Is this all very, very confusing? Yes, it is. Has the Court really relied on a divisibility analysis here, or simply the same allocation that it otherwise would have performed pursuant to the contribution cross and counterclaims? The latter appears to be the case, both because it relied on equitable factors to readjust the liability attributable to each parcel (factors that are more often used to determine a party’s share of joint liability) and because rather than leaving Von Duprin holding the bag for any portion of liability attributable to absent PRPs as would be the case if the harm was divisible, the Court merely allocated 100% of those costs to one of the two defendants.
Recoverable Costs
Finally, in what may end up being the more important aspect of the opinion, the Court analyzed each of the past costs that Von Duprin was seeking to determine whether they were recoverable as “necessary response costs” that “were consistent with the [NCP].” A private party response is consistent with the NCP if the action, when evaluated as a whole, is in substantial compliance with the NCP’s applicable requirements, and results in a CERCLA-quality cleanup. 40 C.F.R. § 300.700(c)(3)(i).

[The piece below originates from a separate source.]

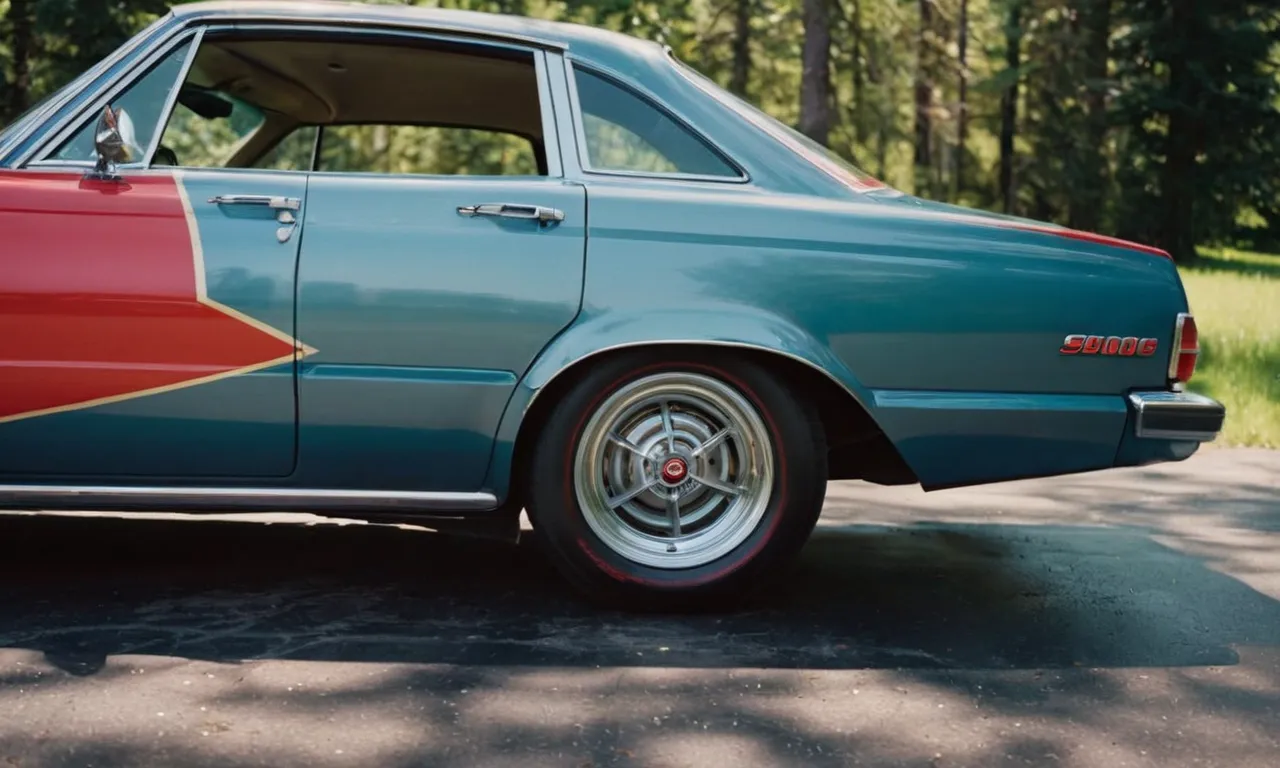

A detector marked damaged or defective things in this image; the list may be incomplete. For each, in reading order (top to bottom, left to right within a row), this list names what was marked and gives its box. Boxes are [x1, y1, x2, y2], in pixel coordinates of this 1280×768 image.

cracked asphalt [0, 448, 1274, 762]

Initially, the Court held that because “many NCP requirements do not apply to the investigation phase of a response,” the investigative costs did not have to be incurred consistent with the NCP and were therefore recoverable without further evaluation. As to the remedial costs themselves, the Court conducted a rigorous analysis of nine general NCP provisions that were relevant to Von Duprin’s response costs and found that Von Duprin had fully complied with only some of them and was noncompliant with many, including the requirements to perform an engineering evaluation/cost analysis or its equivalent, to create a sampling and analysis plan or a quality assurance project plan, and to prepare and implement a health and safety plan. The Court also found that Von Duprin only partially fulfilled the requirement to comply with all Applicable or Relevant and Appropriate Requirements and the requirement to sufficiently engage the community in the remediation. Nevertheless, the Court determined that “taken as a whole,” Von Duprin’s remediation substantially complied with the NCP and resulted in a CERCLA-quality cleanup. The court noted that Von Duprin’s compliance was not perfect but reasoned that because CERCLA is to be liberally construed to both effectuate environment cleanups while at the same time holding responsible accountable, “the NCP requirements are not intended to be a checklist of required actions for private remediations.”

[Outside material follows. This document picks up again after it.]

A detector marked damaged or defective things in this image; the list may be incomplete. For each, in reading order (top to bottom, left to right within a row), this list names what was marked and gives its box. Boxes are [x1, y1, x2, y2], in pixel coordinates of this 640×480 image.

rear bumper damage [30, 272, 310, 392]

There were two costs, however, that the Court excluded. First, the Court found that the $1.5 million paid to Threaded Rod was not recoverable under Section 107 because it was not a clean-up cost incurred by Von Duprin – but that the cost might have been recoverable under Section 113(g)(3), had Von Duprin plead such a claim, which it did not. (Section 113(g)(3) is actually the statute providing the limitations period for contribution claims that are brought pursuant to Section 113(f)). The Court also rejected Von Duprin’s claim for IDEM oversight costs as there was insufficient evidence that these costs related to oversight of the groundwater plume work, as opposed to remediation of the Von Duprin property itself.

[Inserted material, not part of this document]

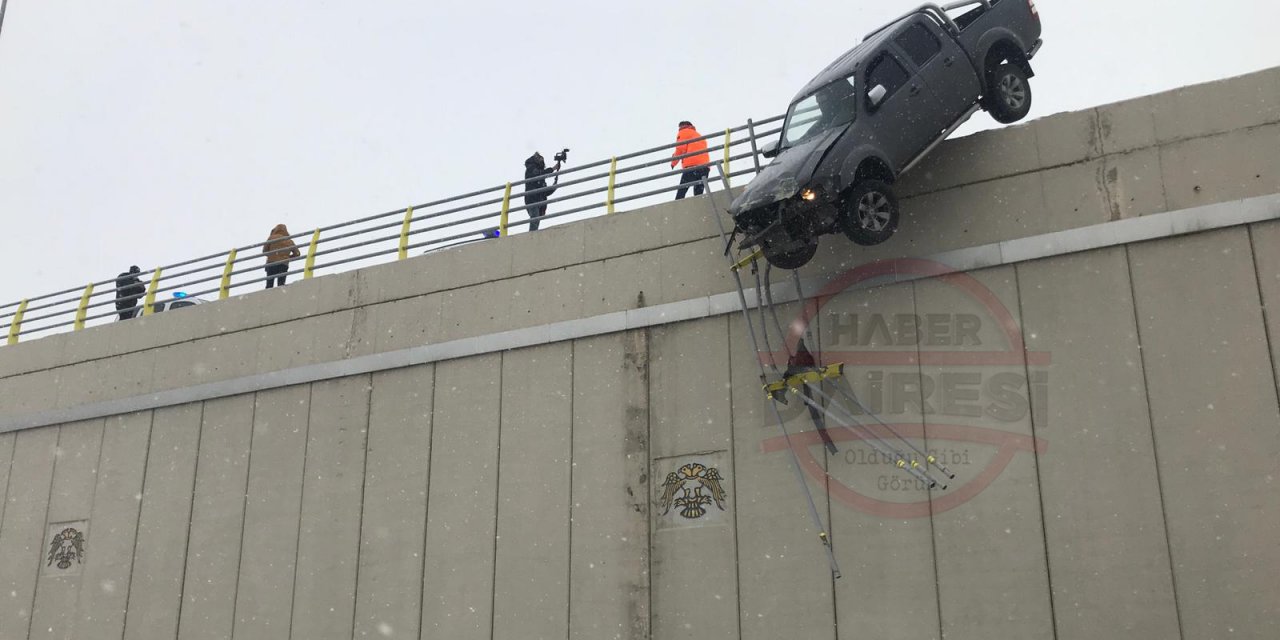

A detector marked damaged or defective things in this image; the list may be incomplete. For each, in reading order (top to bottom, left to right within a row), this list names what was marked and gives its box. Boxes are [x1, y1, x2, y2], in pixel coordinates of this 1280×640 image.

crashed vehicle [728, 0, 1040, 268]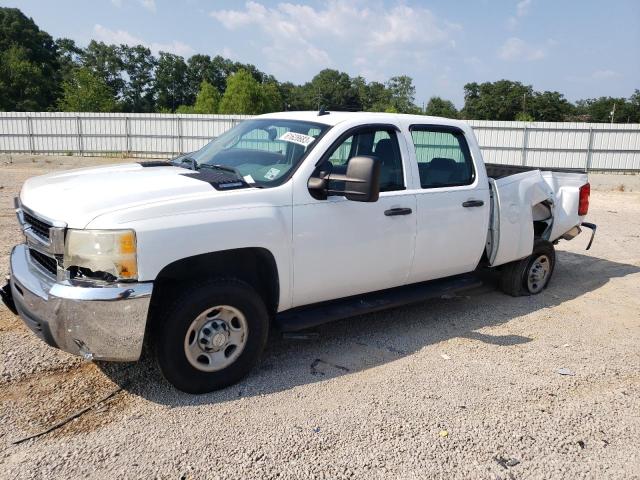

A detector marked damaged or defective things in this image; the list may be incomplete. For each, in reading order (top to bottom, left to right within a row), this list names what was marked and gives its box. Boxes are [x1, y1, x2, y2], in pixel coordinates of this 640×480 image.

damaged front bumper [4, 246, 154, 362]
broken headlight [63, 229, 138, 282]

So, what lessons are to be learned from this case? There are a few. First, that a good expert who takes a scientific approach to allocation will go a long way toward providing a party with credibility at trial. Second, that purchasers of contaminated property must pay careful attention to the requirements of the BFPP defense, and in particular the standards for making all appropriate inquiries. Third, that while perfect compliance with the NCP is not required for recovery of costs, substantial compliance that results in a “CERCLA-quality” clean-up is. And finally, that application of a divisibility analysis remains a challenge in many instances and is rarely clean or simple.